3. Aux termes de l'article L. 121-1 du code des relations entre le public et l'administration : " Exception faite des cas où il est statué sur une demande, les décisions individuelles qui doivent être motivées en application de l'article L. 211-2, ainsi que les décisions qui, bien que non mentionnées à cet article, sont prises en considération de la personne, sont soumises au respect d'une procédure contradictoire préalable ". Aux termes de l'article L. 121-2 du même code : " Les dispositions de l'article L. 121-1 ne sont pas applicables : / 1° En cas d'urgence ou de circonstances exceptionnelles ; / 2° Lorsque leur mise en œuvre serait de nature à compromettre l'ordre public ou la conduite des relations internationales ; / 3° Aux décisions pour lesquelles des dispositions législatives ont instauré une procédure contradictoire particulière ; / 4° Aux décisions prises par les organismes de sécurité sociale et par l'institution visée à l'article L. 5312-1 du code du travail, sauf lorsqu'ils prennent des mesures à caractère de sanction. ". Aux termes de l'article L. 121-3 du même code : " Les décisions mentionnées à l'article L. 211-2 n'interviennent qu'après que la personne intéressée a été mise à même de présenter des observations écrites et, le cas échéant, sur sa demande, des observations orales. Cette personne peut se faire assister par un conseil ou représenter par un mandataire de son choix. / L'administration n'est pas tenue de satisfaire les demandes d'audition abusives, notamment par leur nombre ou leur caractère répétitif ou systématique ".


4. Il résulte de ces dispositions que la décision par laquelle le maire ordonne l'interruption des travaux au motif qu'ils ne sont pas autorisés par le document d'urbanisme en vigueur, décision qui est au nombre des mesures de police qui doivent être motivées, ne peut intervenir qu'après que son destinataire a été mis à même de présenter ses observations, sauf en cas d'urgence ou de circonstances exceptionnelles. Le respect de cette formalité implique que l'intéressé ait été averti de la mesure que l'administration envisage de prendre, des motifs sur lesquels elle se fonde, et qu'il bénéficie d'un délai suffisant pour présenter ses observations. Ces dispositions font obligation à l'autorité administrative de faire droit, en principe, aux demandes d'audition formées par les personnes intéressées en vue de présenter des observations orales, alors même qu'elles auraient déjà présenté des observations écrites. Ce n'est que dans le cas où une telle demande revêtirait un caractère abusif qu'elle peut être écartée.

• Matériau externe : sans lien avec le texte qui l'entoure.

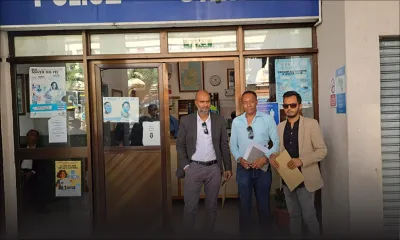 «Hit-List» : Reporters sans frontières dénonce  «les attaques» contre des journalistes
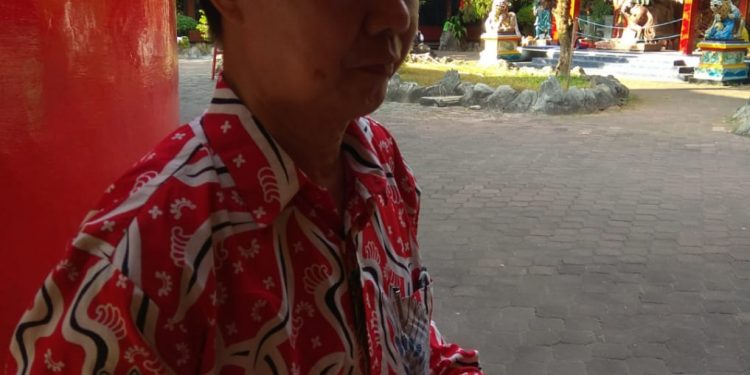 Shio Tikus Dominasi Imlek Tahun ini.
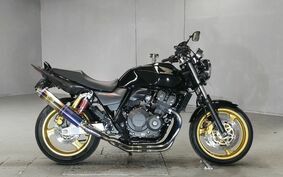 HONDA CB400SF VTEC REVO 2014 NC42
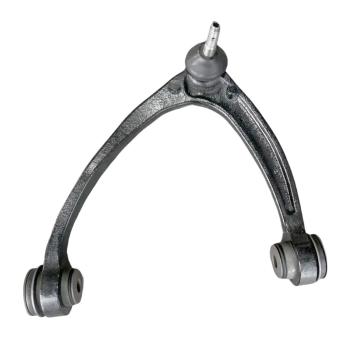 CTR CQ0498L Suspension Control Arm and Ball Joint Assembly product image 1 of 1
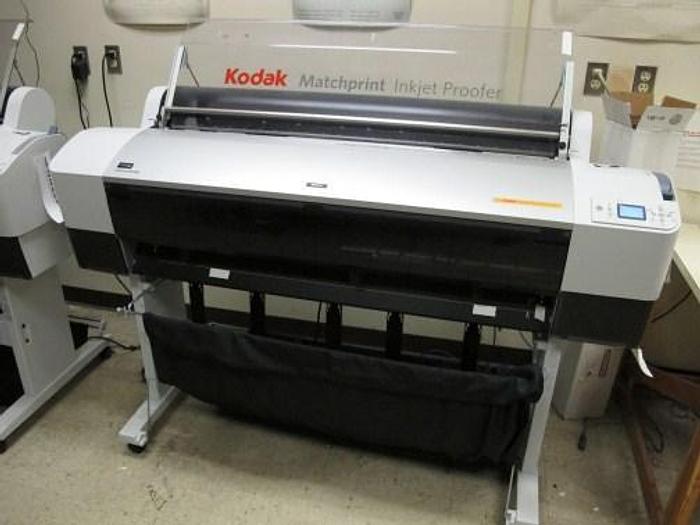 Used 1/18/2012, Thames Printing Co.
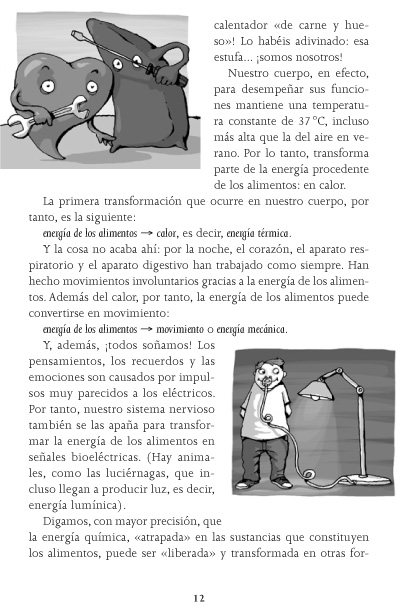 Ilustración de ElectriCIUDAD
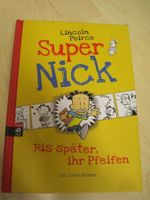 Super Nick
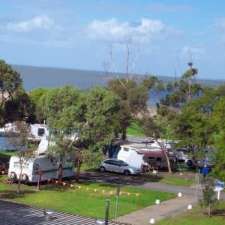 Milang Lakeside Caravan Park | 1 Woodrow Dr, Milang SA 5256, Australia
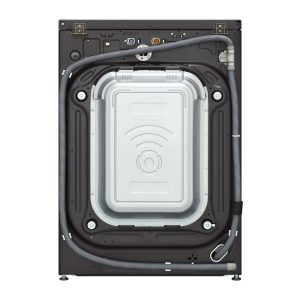 LG WM6500HBA 5.0 cu. ft. Mega Capacity Smart Front Load Energy Star Washer with TurboWash® 360(degree) and AI DD® Built-In Intelligence - Image 15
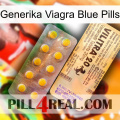 Generic Viagra Blue Pills new06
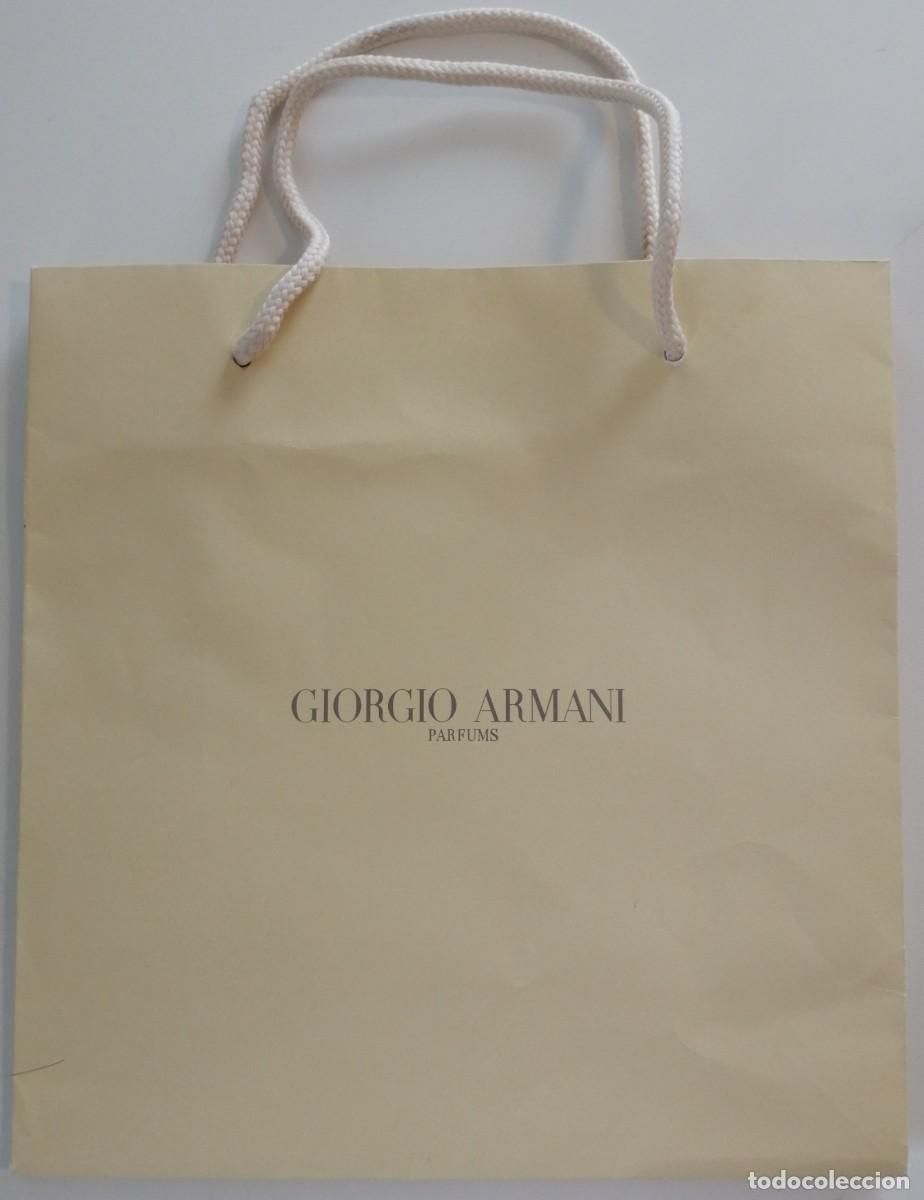 Vintage: BOLSA DE ARMANI - Foto 1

5. Il est constant que M. B... a été invité, par courrier du 1er avril 2016, à présenter ses observations dans un délai de soixante-douze heures. Par un courrier non daté reçu par la commune de la Bouilladisse le mardi 5 avril 2016, M. B... a informé la commune qu'il était en déplacement professionnel à l'étranger et a sollicité un rendez-vous pour faire part de ses observations accompagné d'un homme de l'art à compter de la semaine suivante, au jour et à l'heure de convenance du maire. Il doit par suite être regardé comme ayant explicitement demandé à faire valoir ses observations orales. En s'abstenant de faire suite à cette demande de rendez-vous alors même qu'il ne ressort pas des pièces du dossier qu'elle serait abusive ou que la mesure d'interruption de travaux présentait un caractère d'urgence ou même qu'une circonstance exceptionnelle s'opposerait à cette demande, le requérant est fondé à soutenir que le maire de la commune de Bouilladisse a méconnu les règles de procédure contradictoire préalable prévues par les dispositions de l'article L. 121-3 du code des relations entre le public et l'administration.

6. Par ailleurs, un vice affectant le déroulement d'une procédure administrative préalable n'est de nature à entacher d'illégalité la décision prise que s'il ressort des pièces du dossier qu'il a été susceptible d'exercer, en l'espèce, une influence sur le sens de la décision prise ou qu'il a privé les intéressés d'une garantie.

7. En n'étant pas en mesure de présenter des observations à l'oral accompagné par un conseil, M. B... a été privé d'une garantie. Il est fondé, par suite, à soutenir que l'arrêté du 12 avril 2016 est entaché d'illégalité et à en demander l'annulation.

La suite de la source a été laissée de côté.